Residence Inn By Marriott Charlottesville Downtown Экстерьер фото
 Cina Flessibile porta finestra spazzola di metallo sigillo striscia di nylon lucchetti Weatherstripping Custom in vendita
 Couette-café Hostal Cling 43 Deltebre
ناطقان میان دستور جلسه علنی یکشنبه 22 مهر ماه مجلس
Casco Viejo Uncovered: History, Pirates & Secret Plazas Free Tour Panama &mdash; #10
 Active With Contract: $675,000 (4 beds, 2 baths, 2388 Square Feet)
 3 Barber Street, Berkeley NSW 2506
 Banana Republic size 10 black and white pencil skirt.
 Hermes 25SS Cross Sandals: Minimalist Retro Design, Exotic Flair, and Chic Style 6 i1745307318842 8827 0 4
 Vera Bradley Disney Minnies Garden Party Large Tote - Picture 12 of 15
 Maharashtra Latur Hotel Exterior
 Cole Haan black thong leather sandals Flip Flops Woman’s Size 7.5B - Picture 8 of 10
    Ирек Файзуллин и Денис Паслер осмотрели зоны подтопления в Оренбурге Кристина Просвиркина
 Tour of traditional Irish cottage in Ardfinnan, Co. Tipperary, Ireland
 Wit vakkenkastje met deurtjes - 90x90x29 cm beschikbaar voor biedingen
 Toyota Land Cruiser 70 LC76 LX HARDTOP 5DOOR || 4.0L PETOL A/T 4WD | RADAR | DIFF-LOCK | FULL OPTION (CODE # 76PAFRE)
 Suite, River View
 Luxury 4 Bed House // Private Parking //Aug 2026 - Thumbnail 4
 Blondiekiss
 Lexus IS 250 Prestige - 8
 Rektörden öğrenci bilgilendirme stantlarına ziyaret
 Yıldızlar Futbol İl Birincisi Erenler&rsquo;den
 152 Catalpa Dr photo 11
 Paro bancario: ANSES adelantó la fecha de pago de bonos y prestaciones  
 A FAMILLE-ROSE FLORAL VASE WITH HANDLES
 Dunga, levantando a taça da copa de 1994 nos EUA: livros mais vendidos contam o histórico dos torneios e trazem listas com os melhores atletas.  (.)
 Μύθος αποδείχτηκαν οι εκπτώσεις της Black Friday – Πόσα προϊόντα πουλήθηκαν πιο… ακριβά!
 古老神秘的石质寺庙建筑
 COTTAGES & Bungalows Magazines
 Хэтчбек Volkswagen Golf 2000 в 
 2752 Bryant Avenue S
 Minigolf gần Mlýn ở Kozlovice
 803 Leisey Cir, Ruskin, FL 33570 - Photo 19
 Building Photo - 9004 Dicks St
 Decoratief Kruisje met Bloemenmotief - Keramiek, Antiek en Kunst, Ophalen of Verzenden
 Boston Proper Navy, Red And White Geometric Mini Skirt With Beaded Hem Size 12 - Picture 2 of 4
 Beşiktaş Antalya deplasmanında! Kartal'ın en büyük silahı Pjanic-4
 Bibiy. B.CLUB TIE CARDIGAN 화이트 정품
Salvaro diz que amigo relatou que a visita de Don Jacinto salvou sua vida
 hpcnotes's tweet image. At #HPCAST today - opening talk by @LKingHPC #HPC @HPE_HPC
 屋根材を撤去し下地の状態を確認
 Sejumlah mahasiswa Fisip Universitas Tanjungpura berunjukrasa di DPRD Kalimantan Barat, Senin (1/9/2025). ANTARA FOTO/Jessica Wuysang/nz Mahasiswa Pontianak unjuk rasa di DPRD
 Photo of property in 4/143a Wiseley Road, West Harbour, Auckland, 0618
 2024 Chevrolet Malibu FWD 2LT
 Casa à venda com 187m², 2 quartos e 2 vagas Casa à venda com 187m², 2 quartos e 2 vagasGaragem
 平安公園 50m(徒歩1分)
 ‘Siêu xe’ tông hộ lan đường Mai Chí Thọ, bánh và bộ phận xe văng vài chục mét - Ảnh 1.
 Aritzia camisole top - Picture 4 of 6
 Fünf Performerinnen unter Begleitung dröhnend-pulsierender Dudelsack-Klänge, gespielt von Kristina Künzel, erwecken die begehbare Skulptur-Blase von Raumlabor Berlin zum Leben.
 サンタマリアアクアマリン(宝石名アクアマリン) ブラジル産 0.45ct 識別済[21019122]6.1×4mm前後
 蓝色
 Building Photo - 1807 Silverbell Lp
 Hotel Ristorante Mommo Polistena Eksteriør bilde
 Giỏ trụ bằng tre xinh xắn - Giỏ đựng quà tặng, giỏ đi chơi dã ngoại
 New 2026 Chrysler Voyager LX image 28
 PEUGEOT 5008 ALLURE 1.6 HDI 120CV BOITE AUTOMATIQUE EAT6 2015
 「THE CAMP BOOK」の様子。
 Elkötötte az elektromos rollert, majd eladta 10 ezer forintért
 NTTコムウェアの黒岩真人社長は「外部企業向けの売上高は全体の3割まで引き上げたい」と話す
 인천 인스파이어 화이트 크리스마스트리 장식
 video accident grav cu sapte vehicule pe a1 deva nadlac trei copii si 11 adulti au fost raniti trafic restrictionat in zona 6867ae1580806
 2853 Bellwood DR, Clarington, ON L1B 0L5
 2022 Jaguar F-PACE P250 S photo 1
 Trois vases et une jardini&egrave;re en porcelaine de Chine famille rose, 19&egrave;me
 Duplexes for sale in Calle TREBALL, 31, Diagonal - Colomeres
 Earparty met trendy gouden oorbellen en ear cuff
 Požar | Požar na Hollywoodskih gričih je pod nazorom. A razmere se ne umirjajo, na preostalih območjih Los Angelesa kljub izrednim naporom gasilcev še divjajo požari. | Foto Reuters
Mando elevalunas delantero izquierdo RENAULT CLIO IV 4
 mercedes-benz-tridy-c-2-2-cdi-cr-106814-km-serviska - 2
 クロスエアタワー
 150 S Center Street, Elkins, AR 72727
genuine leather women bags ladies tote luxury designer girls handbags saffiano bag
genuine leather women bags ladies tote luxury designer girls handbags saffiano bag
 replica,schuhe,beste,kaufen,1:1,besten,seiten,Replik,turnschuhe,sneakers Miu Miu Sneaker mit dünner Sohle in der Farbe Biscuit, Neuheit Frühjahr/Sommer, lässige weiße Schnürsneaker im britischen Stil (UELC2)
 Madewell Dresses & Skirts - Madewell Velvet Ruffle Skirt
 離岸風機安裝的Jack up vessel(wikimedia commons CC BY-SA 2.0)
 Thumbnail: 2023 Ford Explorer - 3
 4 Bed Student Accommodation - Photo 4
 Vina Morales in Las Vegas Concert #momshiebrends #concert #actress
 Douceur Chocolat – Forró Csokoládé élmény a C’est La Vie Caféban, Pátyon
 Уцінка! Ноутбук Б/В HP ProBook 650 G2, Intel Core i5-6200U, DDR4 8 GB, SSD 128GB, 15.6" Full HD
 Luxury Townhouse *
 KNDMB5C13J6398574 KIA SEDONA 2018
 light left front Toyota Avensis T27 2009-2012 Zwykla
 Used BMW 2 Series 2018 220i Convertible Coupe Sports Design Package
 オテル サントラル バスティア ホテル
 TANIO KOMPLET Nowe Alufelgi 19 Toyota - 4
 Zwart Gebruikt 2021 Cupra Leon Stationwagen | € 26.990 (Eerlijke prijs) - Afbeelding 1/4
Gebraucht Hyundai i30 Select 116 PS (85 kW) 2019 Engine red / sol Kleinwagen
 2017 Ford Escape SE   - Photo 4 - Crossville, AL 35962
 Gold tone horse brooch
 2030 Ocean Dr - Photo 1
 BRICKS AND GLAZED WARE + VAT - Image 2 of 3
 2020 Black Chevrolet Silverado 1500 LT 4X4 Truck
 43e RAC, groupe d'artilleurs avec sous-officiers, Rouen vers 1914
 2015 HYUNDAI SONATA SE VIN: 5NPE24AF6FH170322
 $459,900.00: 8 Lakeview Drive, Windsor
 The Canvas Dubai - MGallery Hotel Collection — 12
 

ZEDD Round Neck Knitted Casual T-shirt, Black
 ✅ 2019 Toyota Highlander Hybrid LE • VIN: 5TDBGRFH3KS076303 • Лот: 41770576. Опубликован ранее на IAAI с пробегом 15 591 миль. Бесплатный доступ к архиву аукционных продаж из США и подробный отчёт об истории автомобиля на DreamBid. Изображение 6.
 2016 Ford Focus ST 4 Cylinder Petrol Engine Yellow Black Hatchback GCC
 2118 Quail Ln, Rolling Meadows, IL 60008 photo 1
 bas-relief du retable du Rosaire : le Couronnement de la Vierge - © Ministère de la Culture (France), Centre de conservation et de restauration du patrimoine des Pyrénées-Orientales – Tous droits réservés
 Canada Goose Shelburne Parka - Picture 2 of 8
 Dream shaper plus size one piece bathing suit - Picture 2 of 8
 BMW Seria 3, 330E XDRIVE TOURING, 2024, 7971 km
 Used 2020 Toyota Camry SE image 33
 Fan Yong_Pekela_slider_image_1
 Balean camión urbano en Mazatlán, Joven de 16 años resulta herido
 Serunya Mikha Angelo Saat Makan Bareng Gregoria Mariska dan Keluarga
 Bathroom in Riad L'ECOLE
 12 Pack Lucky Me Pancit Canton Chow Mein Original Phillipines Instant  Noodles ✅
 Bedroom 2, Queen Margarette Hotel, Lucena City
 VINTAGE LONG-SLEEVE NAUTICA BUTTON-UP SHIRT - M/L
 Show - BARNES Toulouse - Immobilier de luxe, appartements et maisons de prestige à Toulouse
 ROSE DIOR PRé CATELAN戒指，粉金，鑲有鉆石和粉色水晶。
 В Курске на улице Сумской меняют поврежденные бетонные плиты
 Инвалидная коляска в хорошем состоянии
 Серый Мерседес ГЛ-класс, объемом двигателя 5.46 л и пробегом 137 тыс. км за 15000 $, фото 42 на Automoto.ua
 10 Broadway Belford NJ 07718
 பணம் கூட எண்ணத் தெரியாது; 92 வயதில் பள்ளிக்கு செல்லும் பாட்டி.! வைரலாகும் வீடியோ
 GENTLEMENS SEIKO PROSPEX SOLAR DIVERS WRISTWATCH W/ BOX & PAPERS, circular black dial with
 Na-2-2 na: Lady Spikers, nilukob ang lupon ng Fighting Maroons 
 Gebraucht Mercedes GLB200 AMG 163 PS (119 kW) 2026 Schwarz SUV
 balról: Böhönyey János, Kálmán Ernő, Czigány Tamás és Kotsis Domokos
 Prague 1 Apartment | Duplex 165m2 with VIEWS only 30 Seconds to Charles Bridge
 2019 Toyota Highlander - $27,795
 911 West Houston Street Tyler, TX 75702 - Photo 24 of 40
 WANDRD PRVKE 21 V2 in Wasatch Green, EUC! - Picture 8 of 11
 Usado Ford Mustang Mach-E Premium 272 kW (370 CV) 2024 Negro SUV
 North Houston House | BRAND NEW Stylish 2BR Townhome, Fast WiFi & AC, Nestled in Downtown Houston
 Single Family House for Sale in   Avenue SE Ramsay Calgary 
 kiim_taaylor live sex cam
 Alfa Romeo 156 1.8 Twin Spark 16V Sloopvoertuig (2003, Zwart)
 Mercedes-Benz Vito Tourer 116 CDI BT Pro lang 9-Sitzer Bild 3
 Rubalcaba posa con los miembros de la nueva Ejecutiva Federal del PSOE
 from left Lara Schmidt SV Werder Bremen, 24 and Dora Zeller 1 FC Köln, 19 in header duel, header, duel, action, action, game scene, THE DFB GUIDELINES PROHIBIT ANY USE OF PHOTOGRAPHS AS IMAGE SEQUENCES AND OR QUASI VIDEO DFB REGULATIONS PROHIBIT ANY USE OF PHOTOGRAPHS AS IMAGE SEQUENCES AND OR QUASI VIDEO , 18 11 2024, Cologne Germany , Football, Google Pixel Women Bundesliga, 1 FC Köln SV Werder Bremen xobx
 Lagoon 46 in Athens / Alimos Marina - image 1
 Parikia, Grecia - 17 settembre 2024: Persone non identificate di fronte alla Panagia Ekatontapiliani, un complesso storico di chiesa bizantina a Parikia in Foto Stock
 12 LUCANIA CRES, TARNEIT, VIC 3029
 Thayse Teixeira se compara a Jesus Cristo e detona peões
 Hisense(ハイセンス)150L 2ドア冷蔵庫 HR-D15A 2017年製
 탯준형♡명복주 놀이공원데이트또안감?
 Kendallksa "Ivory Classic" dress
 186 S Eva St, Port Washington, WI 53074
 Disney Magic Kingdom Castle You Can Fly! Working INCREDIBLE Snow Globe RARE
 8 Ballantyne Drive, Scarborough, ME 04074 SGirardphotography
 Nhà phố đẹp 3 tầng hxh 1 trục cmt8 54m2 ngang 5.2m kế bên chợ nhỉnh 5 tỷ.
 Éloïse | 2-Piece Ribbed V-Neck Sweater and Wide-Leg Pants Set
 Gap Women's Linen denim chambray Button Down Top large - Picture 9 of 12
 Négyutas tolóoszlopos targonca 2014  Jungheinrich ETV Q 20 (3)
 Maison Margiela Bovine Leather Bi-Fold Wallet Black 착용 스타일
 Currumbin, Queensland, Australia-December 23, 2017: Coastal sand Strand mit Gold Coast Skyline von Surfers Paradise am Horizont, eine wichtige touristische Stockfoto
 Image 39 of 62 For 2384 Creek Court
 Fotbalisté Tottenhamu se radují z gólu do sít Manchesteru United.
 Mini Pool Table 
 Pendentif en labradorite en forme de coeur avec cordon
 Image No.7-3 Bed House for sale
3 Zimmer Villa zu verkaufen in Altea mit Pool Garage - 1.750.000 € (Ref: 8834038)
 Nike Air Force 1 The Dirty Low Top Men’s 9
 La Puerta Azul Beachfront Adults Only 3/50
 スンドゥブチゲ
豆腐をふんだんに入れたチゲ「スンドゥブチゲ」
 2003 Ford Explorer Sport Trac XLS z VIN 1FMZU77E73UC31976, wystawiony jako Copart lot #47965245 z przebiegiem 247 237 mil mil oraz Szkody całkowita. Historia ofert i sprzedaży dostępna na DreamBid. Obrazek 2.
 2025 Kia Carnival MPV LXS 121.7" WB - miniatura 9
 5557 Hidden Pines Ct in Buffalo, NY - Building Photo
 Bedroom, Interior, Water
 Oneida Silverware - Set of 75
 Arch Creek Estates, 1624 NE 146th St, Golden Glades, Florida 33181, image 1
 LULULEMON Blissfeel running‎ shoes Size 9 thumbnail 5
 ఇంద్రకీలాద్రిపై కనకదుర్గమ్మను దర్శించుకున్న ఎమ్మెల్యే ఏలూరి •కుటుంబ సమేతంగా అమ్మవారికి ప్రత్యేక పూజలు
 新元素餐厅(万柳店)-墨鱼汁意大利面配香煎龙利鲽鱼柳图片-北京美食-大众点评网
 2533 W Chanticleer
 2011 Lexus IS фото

## Your instructions
Report every line of the entries that carries the word "фото".

## Result of this exercise
Residence Inn By Marriott Charlottesville Downtown Экстерьер фото
 Серый Мерседес ГЛ-класс, объемом двигателя 5.46 л и пробегом 137 тыс. км за 15000 $, фото 42 на Automoto.ua
 2011 Lexus IS фото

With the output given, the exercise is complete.